Tuesday, 8 July 2014

Is the Federal Reserve falling behind the curve in tackling inflation?

Bloomberg reports that there are signs that a fall in productivity growth may boost inflation in the US.

Federal Reserve Chair Janet Yellen faces an economy that is starting to look more like Arthur Burns’s in the 1970s than Alan Greenspan’s in the 1990s.

Productivity growth is slowing, just as it was when Burns headed the central bank, not accelerating as it did under Greenspan’s watch. Business output per hour excluding agriculture has risen at a 1.4 percent average annual rate since the recession ended in June 2009 as hiring has picked up while economic growth has lagged behind.

That result is in line with the 1.5 percent rate from 1973 to 1977 and less half of the 3 percent pace from 1996 to 2000, Labor Department data show. The post World War II average is 2.3 percent.

To understand why this is important, look at what happened to the U.S. in each of those periods.

In the late 1990s, increased worker efficiency allowed Greenspan to countenance a fall in the unemployment rate to a 30-year low of 3.8 percent in April 2000 as companies could pay employees more without having to raise prices. In the 1970s, a sudden downshift in productivity growth caught Burns by surprise and led to a rise in consumer prices of more than 10 percent after oil costs surged.

Some economists are concerned about whether the Fed will adjust in time to the recent trend.

“There is a risk,” said former Fed Vice Chairman Alan Blinder.. “You do have the possibility of replaying in the same direction what happened after 1973...”

What it does mean is that Yellen and her Federal Open Market Committee colleagues must be a “little more cautious” about keeping short-term interest rates near zero in their pursuit of lower joblessness, said Blinder...

“We are facing a problem of rising inflation,” said Martin Feldstein, a professor at Harvard University... The Fed is “probably going to respond too weakly, too slowly,” he added...

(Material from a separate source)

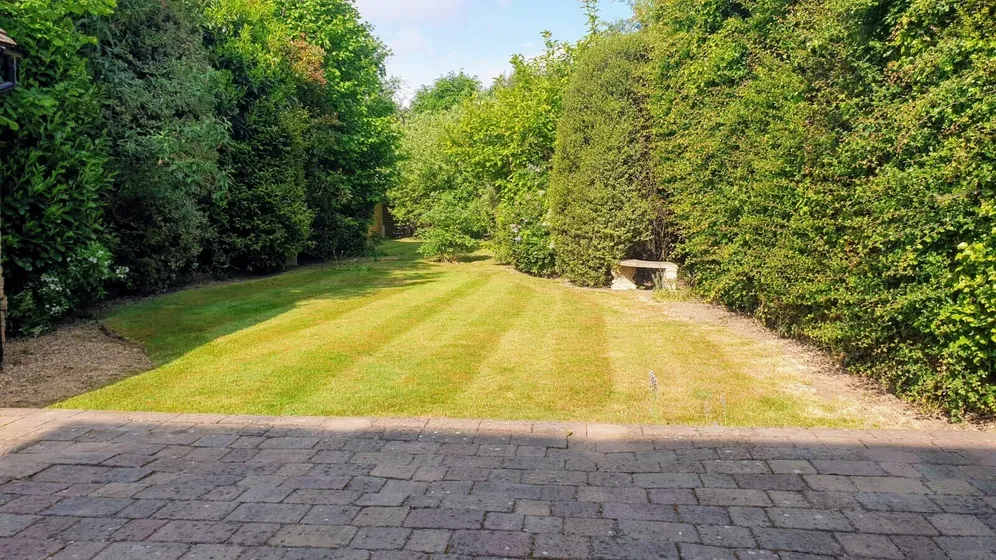 Huntercombe Lane North, Taplow, Maidenhead, SL6 photo 8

Long-term interest rates are “going to go a lot higher,” with the yield on the 10-year Treasury note eventually hitting 4 percent, as price pressures intensify and the Fed lags behind in its response, according to Joe LaVorgna, chief U.S. economist at Deutsche Bank Securities Inc.

While the world's largest economy starts worrying about inflation, economic data on Monday from the second and third largest developed economies suggest that maintaining growth remains the concern.

Japan's coincident index was unchanged at 111.1 in May but the leading index fell for the fourth consecutive month to 105.7, the lowest since February 2013, from 106.5 in April.

In Germany, industrial production fell 1.8 percent in May, the third consecutive decline. The economy ministry said the decline in output was primarily due to the timing of the 1 May holiday and should only be temporary.